A little while ago, I blogged about how some public relations firms were spamming me. In short, I was getting tired of random PR firms sending me emails about stuff that I didn’t care about and thus further cluttering up my inbox.
These random carpet bombing strategies were both abusive and stupid – some poor client is paying their requisite $10-15k a month for the PR firm to make a bad impression on me. In fact, I alerted a VC friend of mine that one of the firms was carpet bombing about his recent financings and he was none too happy.
One PR firm, in particular has really taken this to a new level: Atomic PR.
The folks seriously suck ass. Not only do they carpet bomb me, but every time I politely ask them to take me off the list of the stupid stuff they send me, they either one: don’t reply, or two: reply that they will, but never do. And then I get an email from some new “bright and shining face” informing me of some “exciting news” that I couldn’t care less about.
I tried to warn them, but apparently they didn’t believe me when I said that I would call them out.

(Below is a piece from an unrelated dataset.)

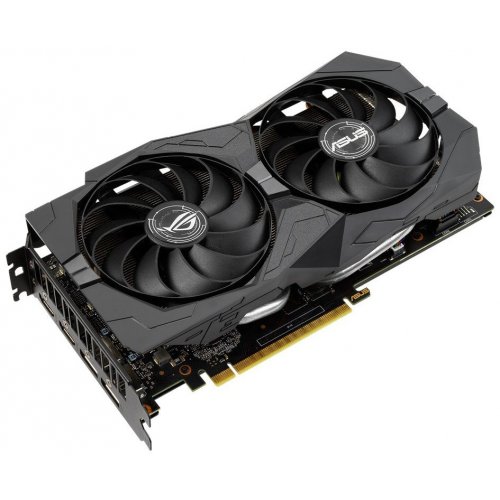 Продать Видеокарта Asus ROG GeForce GTX 1660 SUPER STRIX OC 6144MB (ROG-STRIX-GTX1660S-O6G-GAMING FR) Factory Recertified по Trade-In интернет-магазине Телемарт - Киев, Днепр, Украина фото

So, I officially start my boycott today, of AtomicPR until they vow to change their ways. Don’t hire them. And PLEASE link, share and retweet this post, so that when folks search for “AtomicPR,” the Google gods rank this post highly.
And Atomic guys – if you don’t stop, the next step is to report you to the appropriate government authorities since you don’t really allow anyone to opt out of their communications.
If anyone has a lot of time on their hands and wants to email my friends at Atomic PR, here are their email addresses:







Hmm – crowdscathing
I wonder how long it will take before the CEO of Atomic PR to post a comment to this blog post
"I wonder how long it will take before the CEO of Atomic PR to post a comment to this blog post
"
Apparently not quickly enough
Yes, definitely not.
Remind me not to piss you off
Amusingly, Atomic PR lists EFF (Electronic Freedom Foundation) as one of their clients. I wonder how much the EFF would agree about this practice
Would never happen. J
I am sure the folks at EFF would not like this. Funny, I didn’t no this. Thanks for the knowledge.
I feel your pain, but spam is a fact of life these days, isn't it? Rather than posting a vindictive diatribe that includes personal email addresses and a headline with the words "sucks ass" it it, all you have to do it tweak your spam filters to completely avoid the offending parties from now until you are too old and frail to boot up your computer. You'd be down two blog posts but it would probably be worth the sacrifice.
I have an allergy to tweaking my filters. Postini does a GREAT job for me. I don’t want to start messing with that and it’s the law that they should remove you from email lists. This has been going on over a year now and I’ve been polite and kind. I even told them I was going to blog if they kept doing it. So, they kept doing it. So instead of being angry anymore, I figured that I’d at least have some fun with it.
Rick, you took the words right out of my mouth.
Jason, glad we're friends!
And don't forget Tell All Your Friends PR. They are the king spammers in the music industry and love approving press passes and photo passes and then not honoring them upon arrival to the show/festival. Not to mention they have horrible grammar and spelling. Yeah, your lame lingo "ain't" cute.
Jason – couldn't agree more, you want to try being an industry blogger – the PR tsunami really kicks in then – http://www.cloudave.com/link/pr-101-and-how-not-t...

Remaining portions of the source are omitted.